The term “Zombie Process” in Windows is not an official one, as far as I know. Regardless, I’ll define zombie process to be a process that has exited (for whatever reason), but at least one reference remains to the kernel process object (EPROCESS), so that the process object cannot be destroyed.
How can we recognize zombie processes? Is this even important? Let’s find out.
All kernel objects are reference counted. The reference count includes the handle count (the number of open handles to the object), and a “pointer count”, the number of kernel clients to the object that have incremented its reference count explicitly so the object is not destroyed prematurely if all handles to it are closed.
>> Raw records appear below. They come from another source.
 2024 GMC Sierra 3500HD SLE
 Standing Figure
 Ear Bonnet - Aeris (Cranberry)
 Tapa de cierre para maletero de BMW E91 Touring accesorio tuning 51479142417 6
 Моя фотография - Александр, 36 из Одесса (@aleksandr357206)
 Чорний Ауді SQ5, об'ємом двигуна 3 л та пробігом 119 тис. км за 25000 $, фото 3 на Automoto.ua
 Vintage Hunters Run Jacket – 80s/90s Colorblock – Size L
Process objects are managed within the kernel by the EPROCESS (undocumented) structure, that contains or points to everything about the process – its handle table, image name, access token, job (if any), threads, address space, etc. When a process is done executing, some aspects of the process get destroyed immediately. For example, all handles in its handle table are closed; its address space is destroyed. General properties of the process remain, however, some of which only have true meaning once a process dies, such as its exit code.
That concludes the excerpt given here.